Não dá pra falar de Anti-Corpos sem falar de queercore. Tenho um adesivo de 2015 onde se lê “lesbian feminist hardcore from brazil” e desde aquela época vocês já usavam o termo queer em alguns lugares. Vocês podem falar da relação da banda com o estilo?

Adriessa: Acho que no Brasil o termo queercore nunca foi propriamente usado até tipo Teu Pai Já Sabe?. O queercore é parte da nossa identidade e influências. Bandas como Limp Wrist, Team Dresch, G.L.O.S.S., TPJS? são super importantes na nossa caminhada. Em 2019 tocamos com Limp Wrist em Berlin e foi tipo WOW, realização de sonho!

Usar o termo hardcore lésbico ou queercore sempre foi muito importante para nós como luta nesse espaço ainda super machista e homofóbico que é o hardcore punk.

Quem ouve punk e hardcore tem a impressão de um lugar unido e lindo, mas quando nos aproximamos vemos que a realidade não é nada disso. Mas uma coisa visível na Anti-Corpos, até pra quem acompanha só pela internet, é um senso grande de comunidade. Vocês podem falar um pouco sobre isso?

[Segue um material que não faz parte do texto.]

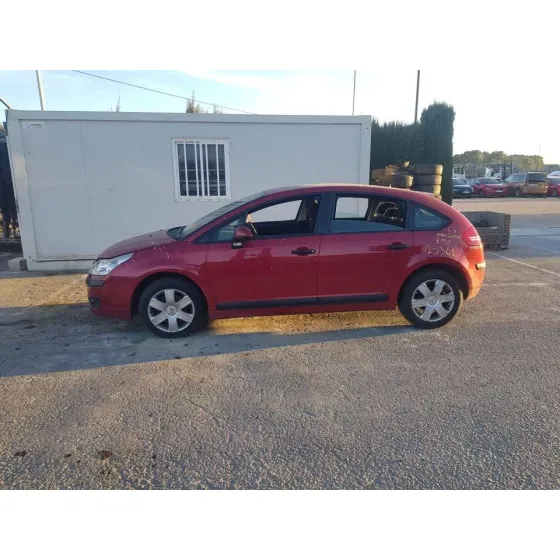 CITROEN C4 BERLINA '2006 COLLECTION ROJO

Adriessa: Acho que a letra da música “Anti-Corpos” fala muito bem o que a banda representa para nós, é a nossa forma prática de luta.

Eu tocava em uma banda que evitava ao máximo essa relação pessoal do público e banda. Acho que as bandas “mainstream do underground” do hardcore punk dos anos 90 ainda tentavam ter essa divisão clara entre banda e público.

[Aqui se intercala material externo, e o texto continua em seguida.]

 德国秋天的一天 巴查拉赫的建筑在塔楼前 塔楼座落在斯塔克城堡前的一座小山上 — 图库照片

Eu vejo Anti-Corpos como uma grande comunidade queer, feminista, das mina, das mona, dos roqueiros e roqueiras que se encontram, curtem, pensam, trocam. O palco não nos separa e gostamos da interação em shows, trocando instrumento, chamando galera pra cantar, etc. No final somos todes outcasts que procuram nesses ambientes de shows queer feminista se divertir e sentir segure na medida do possível.

Acho que o que consegui com Anti-Corpos nunca consegui com nenhuma banda e muito vem desse apoio mútuo da nossa comunidade.

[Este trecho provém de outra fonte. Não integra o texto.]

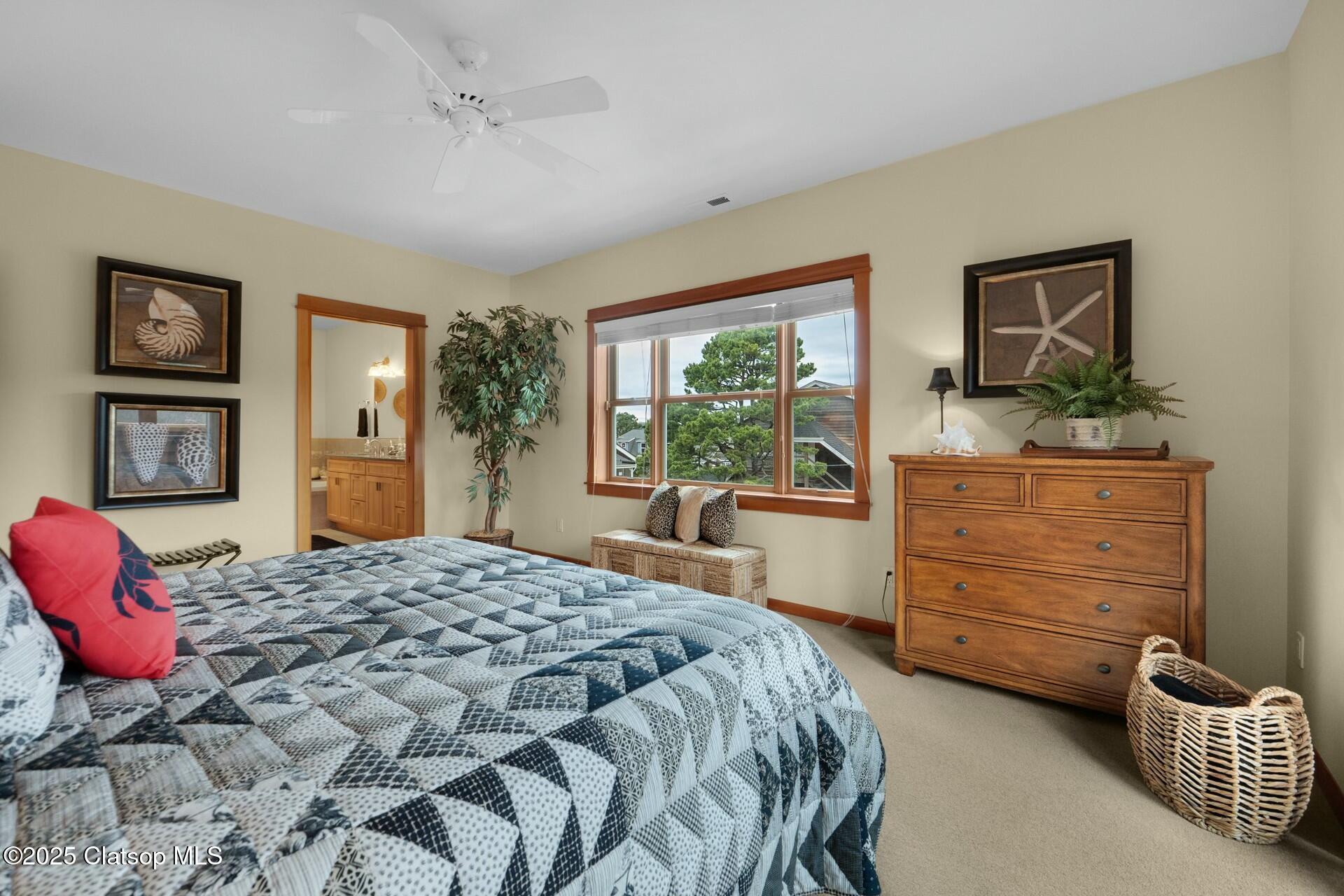 123 S Hemlock Street Property Photo 34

Helena: Total, esse apoio é essencial para nos fortalecermos ainda mais enquanto cena queer feminista. O que não significa que quando vemos algo que achamos errado ficamos quietas. Pelo contrário, sempre que algo ou alguém é denunciado dentro da cena procuramos falar sobre isso, mesmo que não agrade a todes.

A banda é o tema do documentário “Anti-Corpos, Pedaços de uma Turnê Cúir”, que foi exibido em Novembro no festival Mix Brasil. Vocês podem falar sobre ele?

Adriessa: Isso foi uma grande surpresa. Nossa amigona Brunella Martina, que gravou todos os nossos clipes, já tocou na banda e gravou a segunda guitarra do disco “Meninas pra Frente” (2012), assim que soube da nossa tour na América do Sul em 2019 falou sobre fazer um registro e usar de alguma forma o material.

Um ano depois, ela nos escreveu com o primeiro corte do mini doc, já nem lembrávamos mais dele. Fomos surpreendidas por um material super massa e ficamos ainda mais surpresas por terem aprovado o doc no Mix Brasil.

Foi interessante ver nossas entrevistas logo após a posse do Bolsonaro, falando de uma forma super pessimista, mas mesmo assim o tom da nossa fala não se compara com a realidade que está sendo vivida hoje. É tipo nossos medos que foram multiplicados por mil. Triste demais, espero que tenha um ponto de virada em todo esse pior pesadelo.

Últimas considerações? Algum recado?

Adriessa: Obrigada demais pelo convite e sigam seus sonhos, chequem como seus amigues estão passado e fiquem bem! Vamos resistir e fazer a mudança! Quando tudo isso passar nos vemos na estrada.

Helena: Valeu pelo espaço! Força sempre!

“We Keep On Living” está disponível no Bandcamp e nas redes de stream.